The love interest in the story is Monica, the most popular girl in school. She dates an obnoxious jock, and when she becomes disillusioned by the jerk, she warms to Bartleby’s fast-talking schtick.

The villain in the story is Harmon College’s Dean Richard Van Horne, an ambitious administrator who’s looking to acquire real estate for a lasting legacy at Harmon’s real college. Van Horne is played by the ubiquitous Anthony Heald, an actor who has made a career out of playing villains. Remember how, in Silence of the Lambs, he was actually more villainous than Hannibal Lecter? Remember how audiences cheered when Lecter called Agent Starling and told her he was off to have Dr. Chilton for dinner?

With a villain so blandly dislikable, and with Bartleby’s heroics so mindlessly credible — the staffless school faces down the Board of Education — why wouldn’t we want to celebrate the triumph of South Harmon’s SHIT-heads, just as they celebrate themselves? Why wouldn’t we want to celebrate a scholastic version of Switchfoot’s “Beautiful Letdown,” a college of “dropouts, losers, failures, and fools”? After all, isn’t this a noble depiction of God’s grace, a vision of a world in which the first are made last, and the last first? Doesn’t director Steve Pink give us a comedic, college-age spin on what the Kingdom of God looks like?

No. First-time director Pink just gives us a passably-made yawner that finds as many excuses as possible to field the acronym SHIT — as if that’s the absolute pinnacle of sophomoric humor. Personally, I’d have been thrilled if Hannibal Lecter had come along and chased down not only Dean Van Horne but every one of these nitwits — Bartleby Gaines included.

So what’s the problem? Why doesn’t the formula work for Pink?
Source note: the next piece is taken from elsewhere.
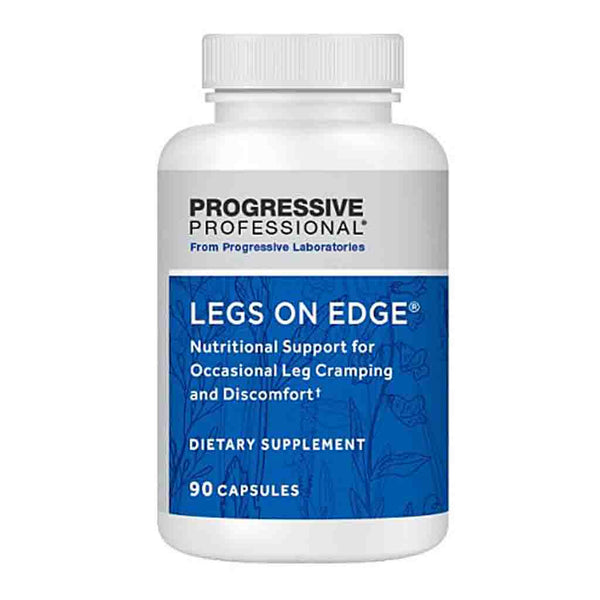 A white plastic bottle of Progressive Professional Legs On Edge dietary supplement with a blue and white label, on a plain white background.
A look at the director’s resume gives us an answer. He’s been busy in Hollywood ever since 1985’s The Sure Thing, directed by Rob Reiner and starring John Cusack. Presumably, that’s where he met Cusack, and he’s been more-or-less following him around ever since, working on other Cusack projects such as Bob Roberts, Grosse Point Blank, High Fidelity, The Jack Bull, and America’s Sweethearts.

The problem is that Accepted is designed as a John Cusack vehicle — only Cusack is now too old to play the central role, and the spirit of the film is locked into a certain 1980’s John Hughes mentality.

Would a young Cusack and a release date of, say, August 1992 have saved Accepted?

Probably. But Justin Long, who stands in for Cusack as Bartleby, is no John Cusack. He’s more like a young Miguel Ferrer. And if you’re saying, “Who?”, that’s just the point.

Long is not up to the task, and 2006 is no time for an 80’s Cusack comedy.